One day we will look back at our current derision of the humanities, and we will be saddened by what our students, and our society, has lost. This is something many of you who deride the humanities have seem to forgotten -- that human life and education is about so much more than just getting a job and paying bills. Yes, of course that is important -- I am raising two kids, have a mortgage, car loan, college funds, and various bills to pay. I very much appreciate the desire for a well-paying career. And, indeed, being a philosophy professor has allowed me to transcend the poverty in which I was raised. My children have traveled more in their short lives than I did in my first 30 years. They live in a house and have their own bedrooms, as opposed to my childhood where my family and I lived in government housing and shared a single bedroom. They have so much more opportunities now than I ever did. Life will not be as much of a struggle for them as it was for me. My education in the humanities helped me ascended the economic ladder and achieve the American dream you are so quick to say you desire for everyone. But I also have philosophy to thank for making me a better mother, wife, teacher, friend, daughter, sibling, community member, and child of God. A humanities education (not just in philosophy, but in literature, music, art, history, amongst other topics) can indeed pay the bills - and also help you become a better human being.

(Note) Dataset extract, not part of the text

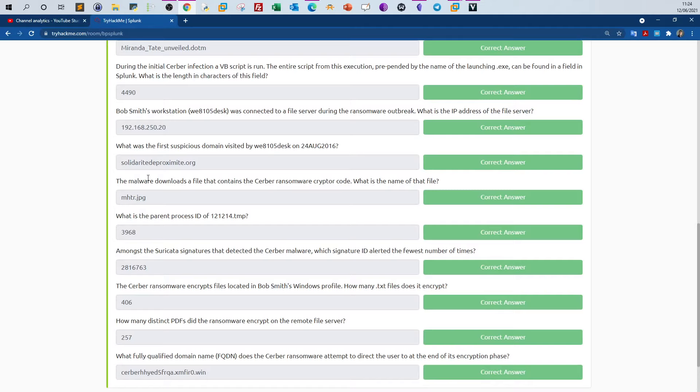Next question: the malware downloads a file that contains the server ransomware crypto code. What is the name of that file?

So, I go back to your original question: was it worth $50,000 of student debt to study philosophy? No -- it is worth so much more. Although my education did help me financially, it helped me in a way far deeper; something that cannot be captured with dollar amounts, but is fully captured when I go outside my door and am reminded of the beauty and awe of existence. And I see that beauty everywhere - including the Spanish-filled streets where both you and I started our respective journeys.